Electric vehicles (EVs) work through a rechargeable electric battery. The battery supplies the energy needed to spin the motors attached to the wheels. A 15-minute charge drives a Tesla 320 kilometers. In their 2021 Impact Report, Tesla claimed to have saved 8.4 million tons of carbon dioxide emissions. Their goal is to remove fossil fuels from the car market and create a sustainable, renewable, and luxury car service. In the same report, Tesla reported that as of the end of 2021, they have generated over 25 Terawatt hours (TWh) of energy through solar panels for its cars and have used less than an eighth of it. 

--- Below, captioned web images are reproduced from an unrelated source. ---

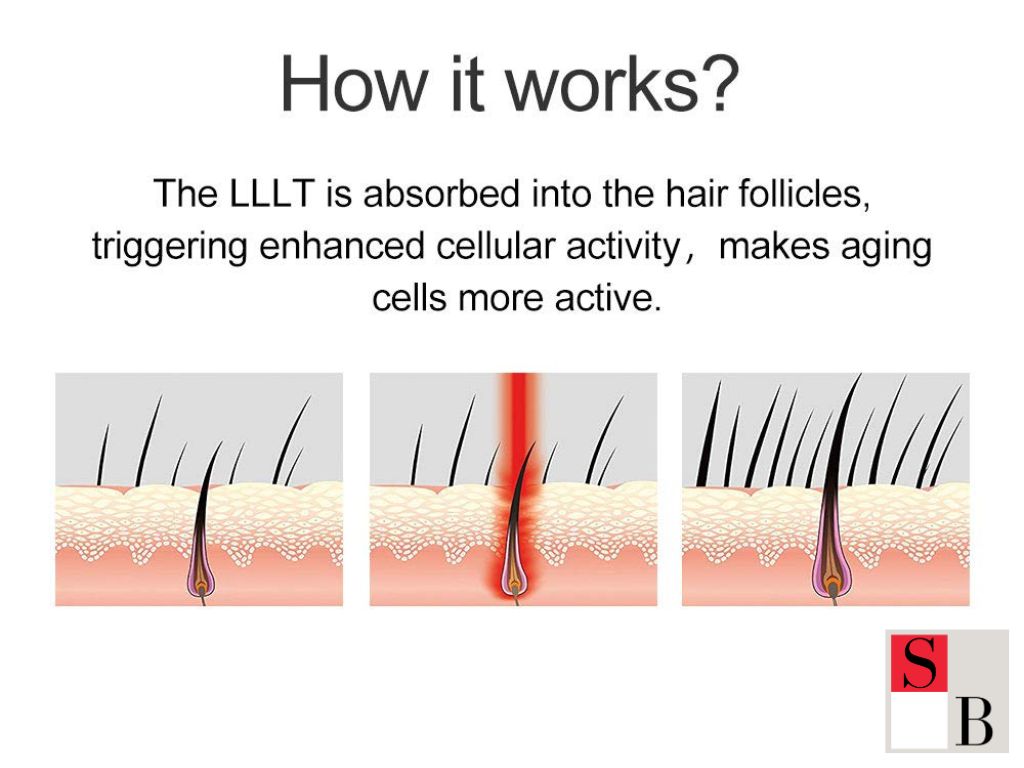 Understanding Hair Growth Treatments in Singapore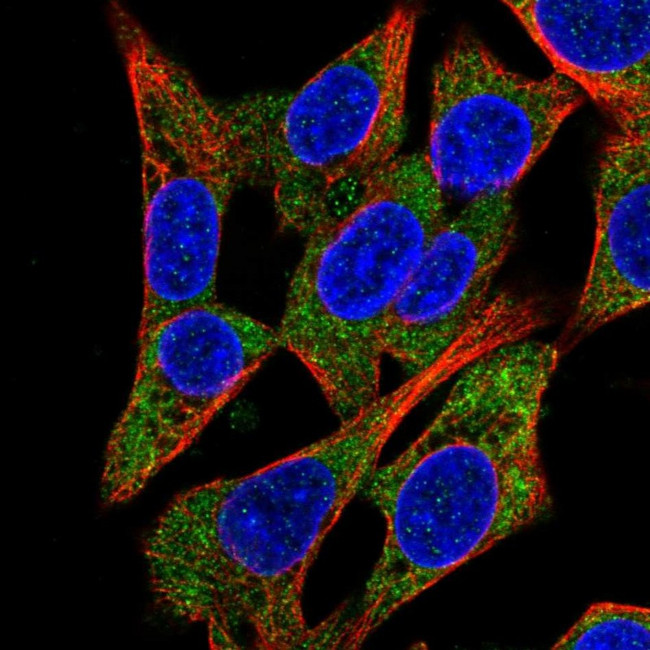 QARS Antibody in Immunocytochemistry (ICC/IF)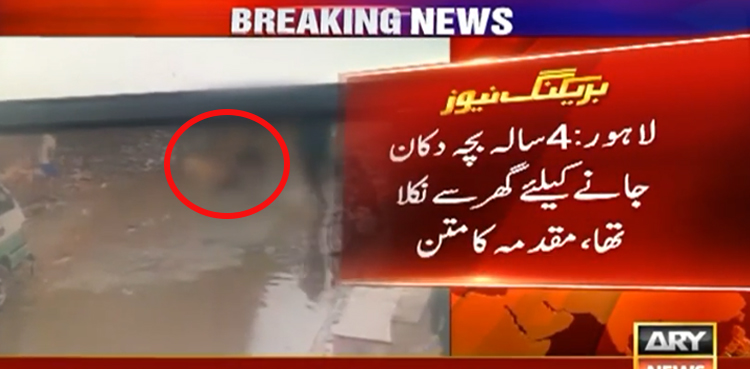 کتے کا 4 سالہ بچے پر حملہ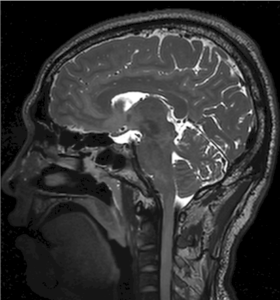 zdjęcie kliniczne - rezonans magnetyczny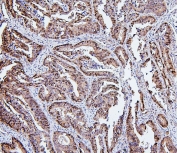 IHC staining of FFPE human intestinal cancer with Hsp105 Antibody antibody. HIER: boil tissue sections in pH6, 10mM citrate buffer, for 20 min and allow to cool before testing.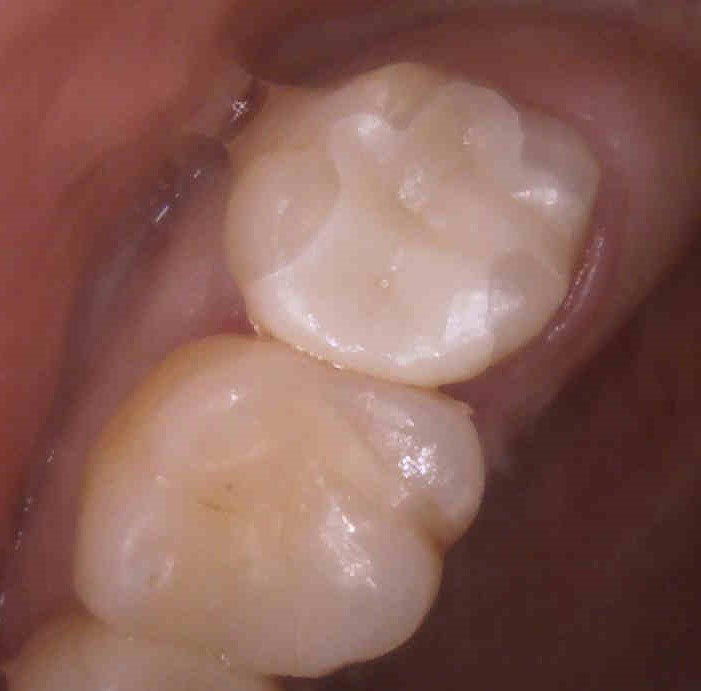 30代女性 奥歯の虫歯を白い歯詰め物で長持ちさせたい ジルコニアで治した症例 駒込の歯医者なら きたはら駒込歯科 Jr駒込駅徒歩1分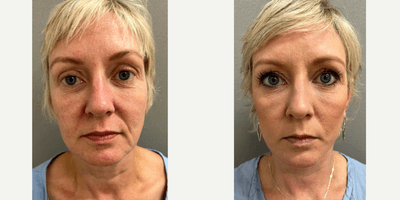 Case 7877 - 48 year old woman treated with NaturalLift, Neck Lift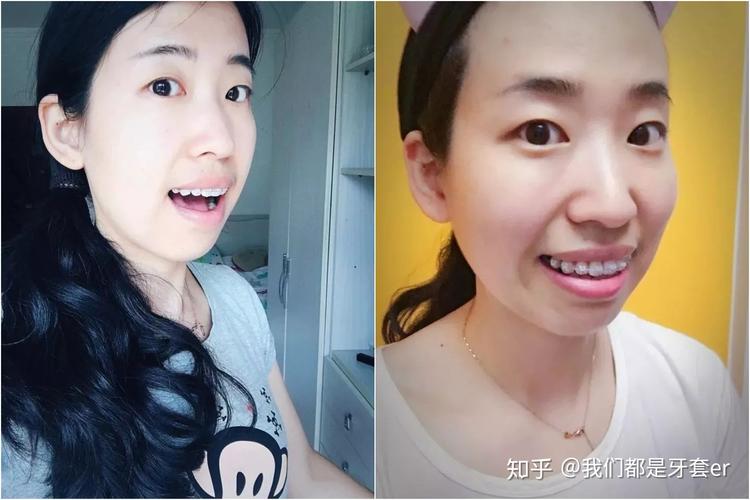 上海30岁做牙齿矫正晚不晚？真实情况告诉你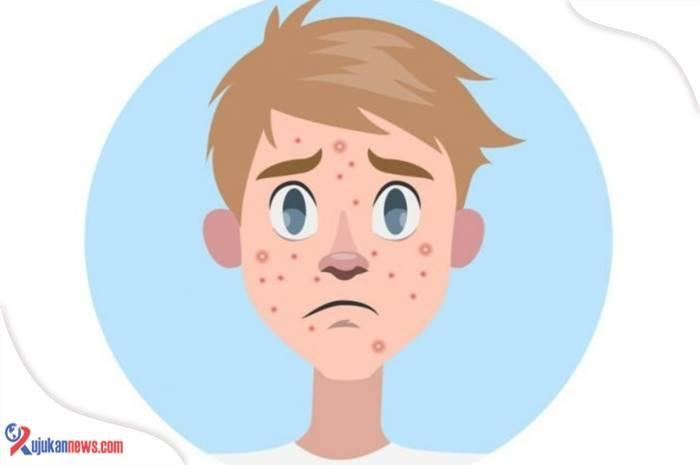 cara menghilangkan jerawat dalam 5 menit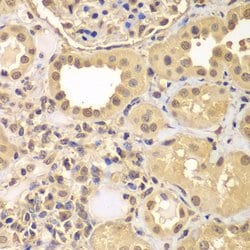 ARNT2 Polyclonal Antibody, Invitrogen 100 &mu;L; Unconjugated:Antibodies,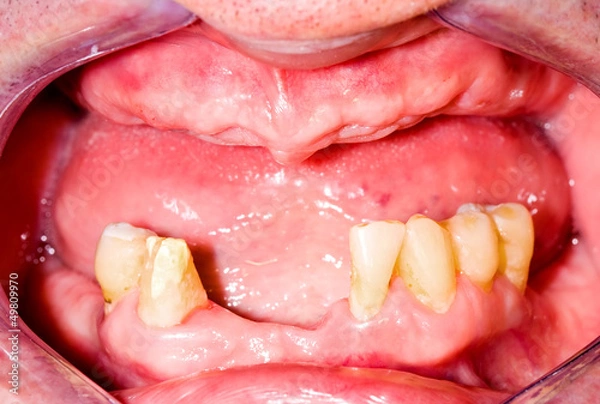 Obraz Tootles maxilla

Another competing company, General Motors (GM), wants to completely rid their products of fossil fuel emissions. Their goal’s model revolves around the Ultium Platform, a sturdy, four-wheel undercarriage that functions as the battery. Their car creation process works with other renewable and environmentally friendly companies. Renewable energy, locally sourced minerals, and efficient and trustworthy battery producers are all in GM’s plans for their new products. We have more than enough renewable energy to spare as these companies attempt to reduce costs even further to battle fossil-fueled vehicles. 

According to Climate Scorecard, of the 250 million sports utility vehicles, cars, and light-duty trucks on the road in the United States, just one per cent of them are EV. If car producers shift to EVs, analysts project that by 2035, a quarter of new sales will be EV, making 13 per cent of all vehicles on the road electric. 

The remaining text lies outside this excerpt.